Water belongs to that rare category of
films that have the power to re-define the parameters of cinema,
to re-align the function and purpose of the medium, and to
re-structure the way we, the audience look at the motion
-picture experience.
It's no coincidence that Deepa Mehta's
heroine is named Kalyani . Lisa Ray as the tragic but irradiant
widow seems to echo Nutan's Kalyani in Bimal Roy's Bandini.
The tragic grandeur that Water wears on its resplendent sleeve
is a quality that sets it apart from other reformist dramas.
The film has a great deal to say about the plight of
socio-economically challenged women, specifically the widows of
Varanasi in the 1930s. The burning
ghats and the waters that flow from them, symbolize the
ashes-and-embers predicament of Deepa's ashram-bound women
.all
plagued by the pathos of dereliction, deprivation and yes,
prostitution.
In telling it like it is, Mehta never filches. When has she ever
done that?! Her elemental trilogy(Fire, Earth & Water) reflects
a harshly uncompromising sensibility.

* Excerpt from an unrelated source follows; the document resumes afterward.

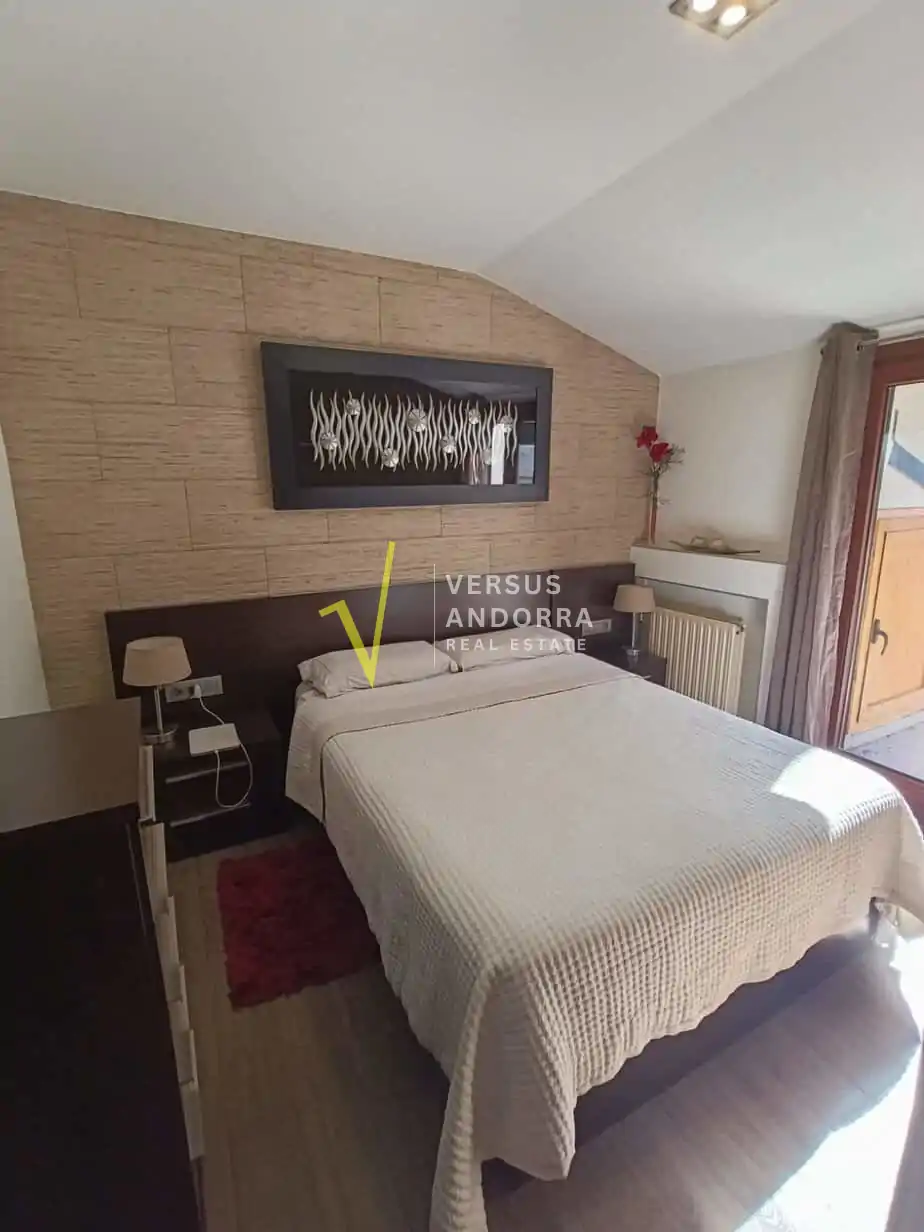 ÁTICO EN VENTA EN ENCAMP – TERRAZA DE 35 M², MUCHA LUZ Y EXCELENTE DISTRIBUCIÓN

In Water Mehta doesn't
beautify the brutality of the widows' existence.
There are bouts of humour, dance and music(watch Lisa Ray and
little Sarala dance around their dingy room as the rain splashes
romantically on the parched streets down below, or the eruption
of Holi revelry in the ashram).
A quality of luminous lyricism runs through the narration,
specially in the romantic interludes between Narayan(John
Abraham) and Kalyani(Lisa Ray) which are designed like a
modern-day re-working of the Radha-Krishna mythology.
The sheer purity and beauty of the central romance contrasts
tellingly with the squalidity of the lives and settings that the
plot negotiates with such slender but deft steps.
Whether it's in capturing the layer after emotional layer in
this onion of a drama or in juxtaposing sequences of the
shimmering river with the run-down ashram, Giles Nuttgen's
camera doesn't flinch from the beauty and the grime. The
cinematography could've easily converted the multi-layered
character-study into a touristic over-view.
Nuttgen takes us into the darkest areas of the human condition
to search for the peace that prevails under the panic of
existence. And A.R Rahman's music, his best in (y)ears, uplifts
the mood of tragic pathos to the sphere of sublimity.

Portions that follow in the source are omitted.